How the Portuguese Term “Saudade” Relates to Travel

Originally published on PassionPassport.com

There’s a Portuguese word I became quite obsessed with a few years ago when I read it while researching Lisbon and the fado music genre that originated there in the early 1800s.

That word is saudade.

Similar to the Danish hygge and the Welsh hiraeth, it doesn’t have a direct word-for-word translation into English. Saudade essentially refers to one of two things: a profound sense of melancholy, or the emotional state of being nostalgic.

I’ve seen it described as the “presence of absence,” a “longing for something that does not and probably cannot exist,” and the “feeling of missing something or someone.” It’s one of those tricky, untranslatable words that has to be described with phrases and hand motions. It makes sense, but there’s no single word in English that means the exact same thing, there’s no quick way to define it for someone else to understand.

There are many, many words like this in languages from around the world. But saudade stuck out to me when I first read it, and it stuck with me as I traveled around Europe during the long summer of 2016.

Saudade initially seems like an innately sad word, referring to a feeling that is more negative than positive. But I don’t think that’s the case at all.

The word is supposedly characteristic of Portuguese culture. While I don’t know nearly enough Portuguese people to judge whether that’s even remotely true, I will go as far as saying that saudade is definitely characteristic of travel itself.

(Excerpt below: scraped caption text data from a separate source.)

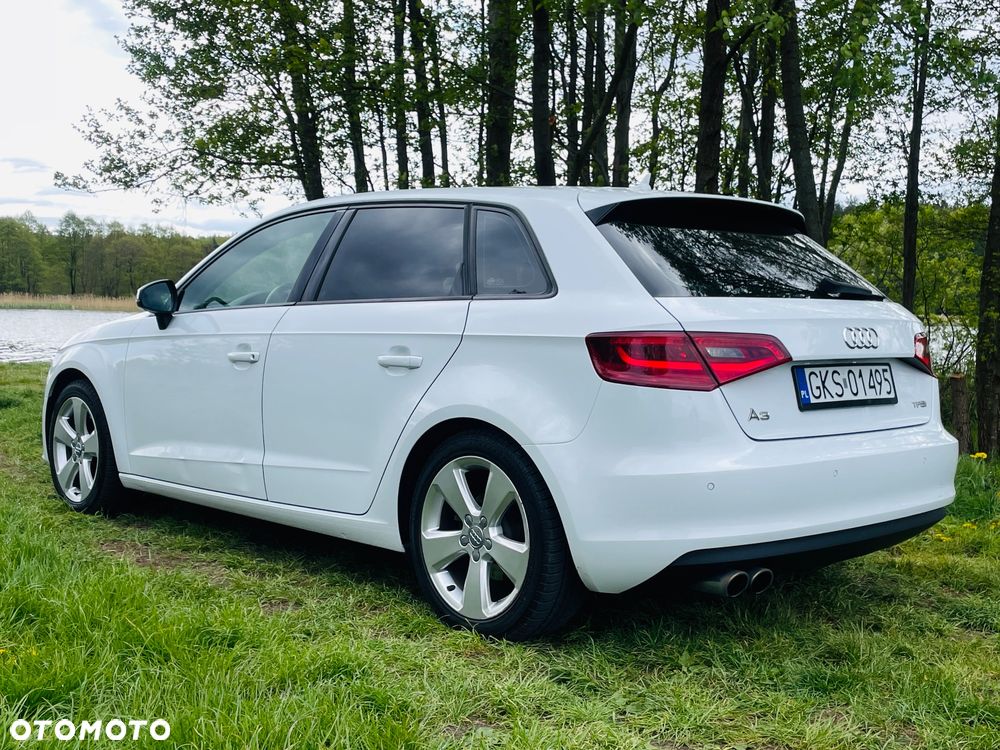 Audi A3 Sportback 1.8 TFSI Attraction S tronic - 4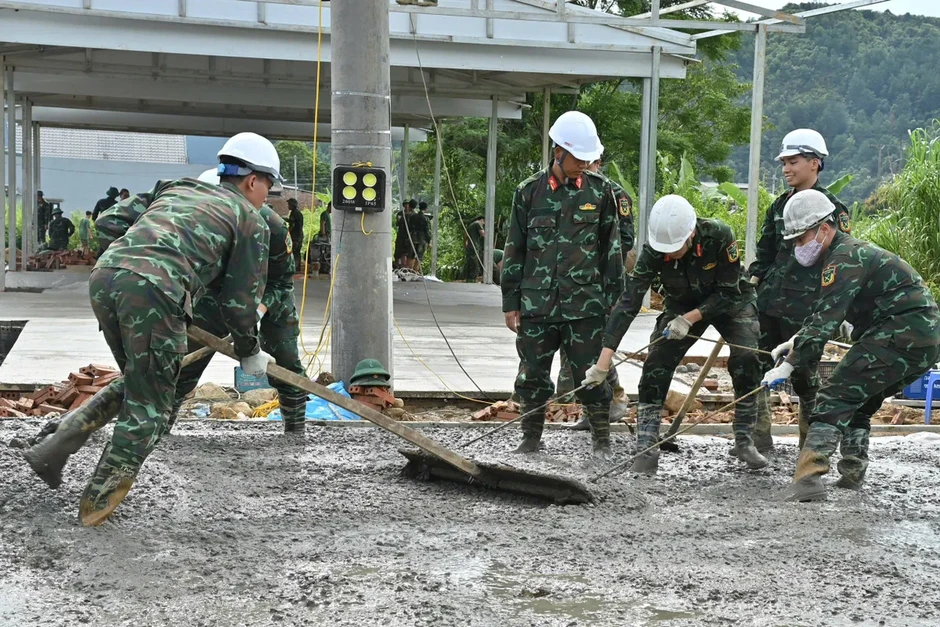 Học viên Học viện Hậu cần tạm gác nghỉ hè, giúp dân vùng lũ Mường Than dựng nhà
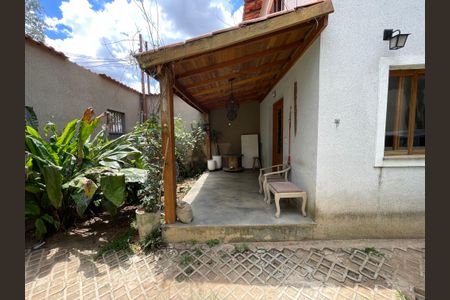 Casa à venda com 200m², 3 quartos e 3 vagas Casa à venda com 200m², 3 quartos e 3 vagasJardim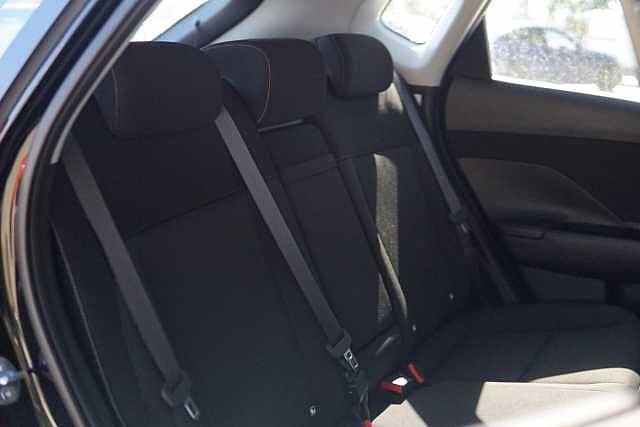 Hyundai KONA 1.6T 138 Advance 5dr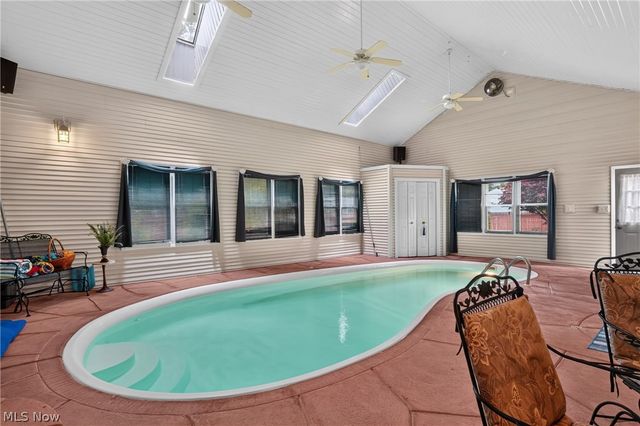 12 Lake Breeze Drive, Conneaut, OH 44030
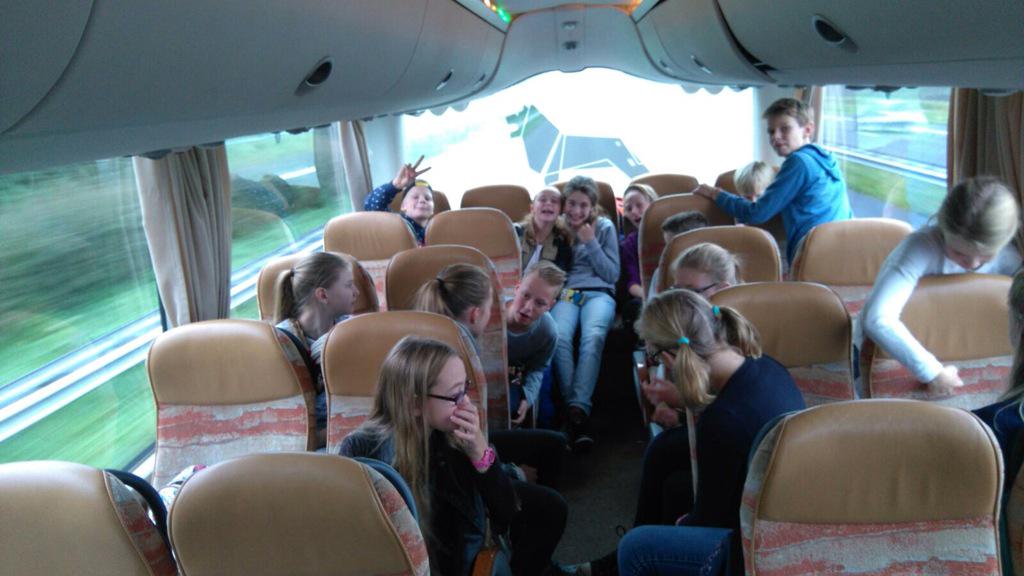Groep 7 en 8 op weg naar het Rijksmuseum in Amsterdam.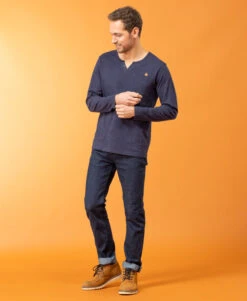 T-shirt Homme Bleu Marine Manches Longues col Tunisien 8 T-shirt Homme Bleu Marine Manches Longues col Tunisien -Terre De Marin Boutique prod 8783 tee shirt ml indigo tatori 666x812 fc7ea0111e0b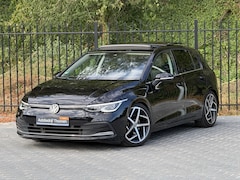 Volkswagen Golf - 1.5 eTSI Style 150 pk | pano | trekhaak | 18"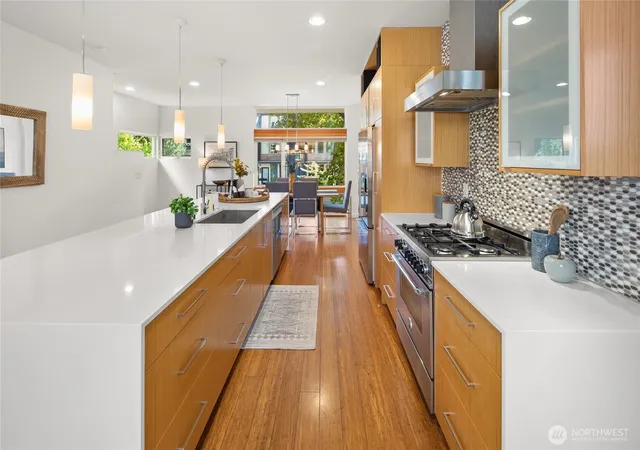 Photo 4 of Townhouse for sale at 1119 16th Avenue, Seattle, WA 98122 | MLS# NWM2589031 | Listing updated on 2026-10-01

Like saudade, travel is a tricky thing. The word is flung around and used in many ways, to refer to any number of types of trips and journeys. My “travel” may not look anything at all like your “travel,” which won’t look anything like your friend’s “travel” — and so on and so forth. The point is, travel means many different things to many different people.

When I travel, I am Atlas with the world on my shoulders. I worry; I watch; I wonder. I am quiet — usually too quiet — and I miss things more often than I should. I feel the very deep melancholy, the sense of nostalgia, and the “presence of absence” that is saudade.

This is all to say, I don’t travel lightly. For that reason, I sometimes feel like saudade can seem like a burden, something that holds me back from embracing “true travel” (or whatever my brain tells me that is).

Feeling melancholy, being nostalgic, and missing something that’s not there and might never have been — that’s not sad. That’s heavy. The traveler aware of those emotions is in touch with the world around them. They know the weight of what it means to experience another place, to form expectations and measure those against reality, to consider how history shaped today will shape tomorrow.

For me, travel is observation. It’s a chance to see and experience the world and let the entirety of what that means sink in. It’s taking into consideration the number of lives being lived in the place you’re visiting, the centuries upon centuries of history that linger in the air you walk through, and the deep ties to the very makeup of life itself that you find in each new place. Travel is recognizing that the past happened, the present is now, and the future is being shaped in each location — and no two are the same.

If you let it, the heaviness of saudade can lead you around the world. Its weight won’t tie you down, but instead, will anchor you to a ship that is uniquely your own as you experience everything the places of this world have to offer.

Saudade is not a burden; it’s a gift.